Asked if the BJP too fears that the Congress may get up to some mischief, Khajuria laughs: “We are here to keep vigil on them (Congress workers).”
Kuldeep Singh adds that there is no tension between them. “We spend time chatting with each other… Now that polling is over, we are just locals who know each other (rather than political rivals),” he says.
It is the first time that such a facility from which constant watch can be kept on strongrooms has been set up on the Kathua Government Degree College premises. The Kathua Deputy Commissioner and returning officer for the Udhampur-Doda parliamentary constituency, Dr Rakesh Minhas, says the candidates and persons authorised by them can also watch the livestream of the strongrooms on their mobile phones, for which an app has been created.
“The locks of the strongrooms will be opened only on June 4 morning for the counting of votes,” he adds.

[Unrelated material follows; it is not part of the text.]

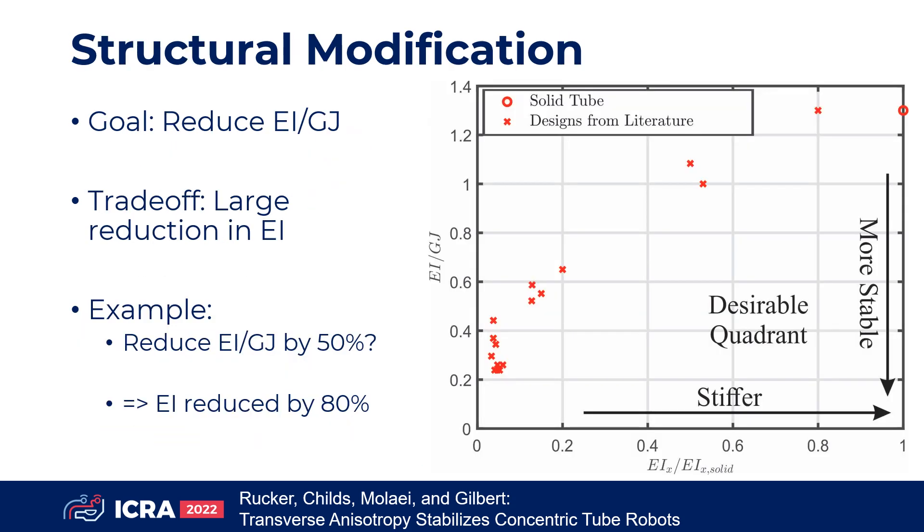This chart plots EI over GJ versus relative rigidity for many designs taken from the literature. Stiffness increases to the right, and stability increases as you move downward, such that the lower right quadrant would contain the most desirable designs. The plot shows that reducing EI over GJ has always entailed a steep trade-off in stiffness.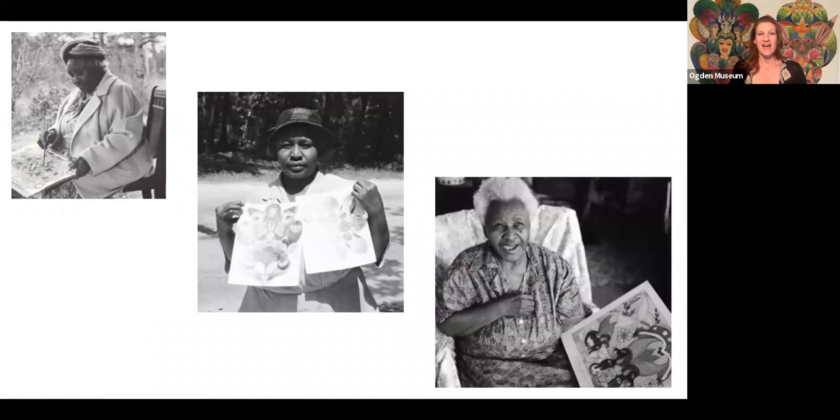Minnie Evans was born in a log cabin in 1892, a long time ago. She grew up with her mother and her grandmother in North Carolina. As an adult, Minnie worked as a domestic at a household with a huge beautiful garden. Minnie Evans spent lots of time in the garden, not just tending to the garden but also relaxing and enjoying herself.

Two nodal officials on behalf of the returning officer are also on 24X7 duty to check security bandobast of the strongrooms. Anyone visiting the premises to physically check their locks has to be accompanied by either of them. Minhas says he himself makes unannounced visits to ensure there is no lapse in security measures.
Inverters and generators have been arranged to ensure that there is no loss of visuals in case of power cuts.
Additionally, there is a tight security blanket around the premises, with the outer ring manned by the Jammu & Kashmir Police and the inner one by BSF personnel. Only election officials, contesting candidates or their authorised agents are allowed inside.
Both Lal Singh and Jitendra Singh are two-time MPs from Udhampur (as the constituency was called before delimitation). While Lal Singh won the seat in the 2004 and 2009 general elections, Jitendra Singh bagged it in 2014 and 2019.
As a BJP MLA from Basohli, Lal Singh was a minister in the PDP-BJP government that lasted from 2014 to 2018, and was asked to resign following his open support for the accused in the Kathua rape and murder, which took communal overtones. After he stepped down as minister, Lal Singh formed the right-wing Dogra Swabhiman Sangathan Party. He joined the Congress just ahead of the general elections.
The Udhampur-Doda constituency, with its 18 Assembly segments, is spread across the five districts of Kathua, Udhampur, Doda, Kishtwar and Ramban in the Jammu province. Of its over 16.23 lakh voters, 30-35% are estimated to be Muslim.